2022 APFS Advent Challenge Day 1 - Anatomy of an Object
APFS is a copy-on-write file system, consisting of a set of immutable objects that are the fundamental building blocks of the file system’s design. APFS objects are made up of one or more fixed-size blocks. Block sizes are configurable at the time of formatting a new container. Valid block sizes are any power-of-two sized value between 4 KiB and 64 KiB of data, and must always be an integer multiple of the block size of the underlying storage device. At the time of this writing, the default (and thus most common) block size is 4 KiB.
Object Headers
While some objects are headerless, most begin with an obj_phys_t
structure as their header.

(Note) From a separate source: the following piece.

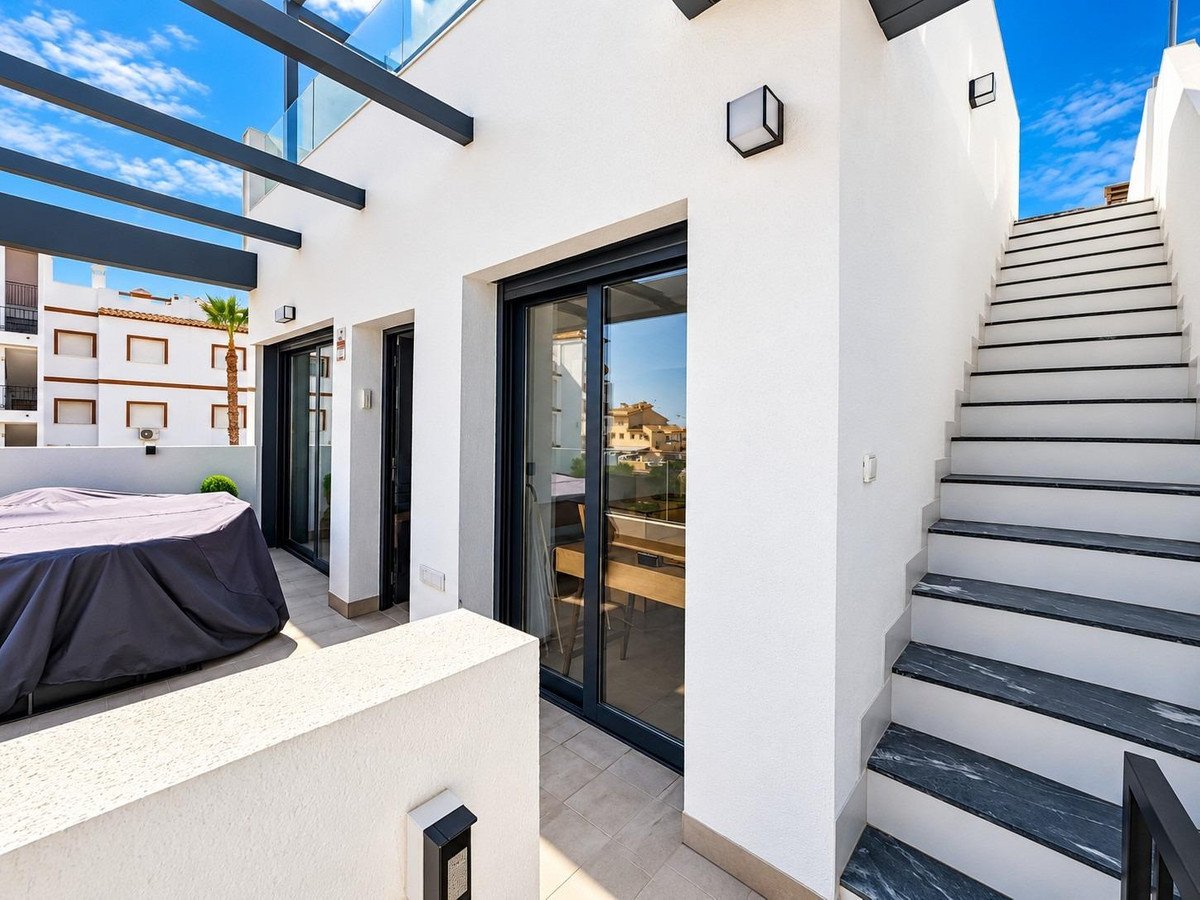 3 Bed Bungalow in Punta Prima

Like all APFS on-disk objects, this structure is stored with little-endian values.
#define MAX_CKSUM_SIZE 8
typedef uint64_t oid_t;
typedef uint64_t xid_t;
typedef struct obj_phys {
uint8_t o_cksum[MAX_CKSUM_SIZE]; // 0x00
oid_t o_oid; // 0x08
xid_t o_xid; // 0x10
uint32_t o_type; // 0x18
uint32_t o_subtype; // 0x1C
} obj_phys_t; // 0x20
The object headers are immediately followed by type-specific data, and any remaining space between the object’s data and the end of its last block is always zeroed and is reserved for future use.
Checksum
The integrity of an on-disk APFS object’s data can be verified by calculating a Fletcher-64
checksum of all the object’s data after the first 8 bytes. This checksum can be compared with the value of the o_cksum
field in the object’s header. If these values do not match, then the object is either only partially flushed to disk or is otherwise corrupted. Note that like most uses of checksums, this is not a security feature, but is only used to detect unintentionally corrupted data.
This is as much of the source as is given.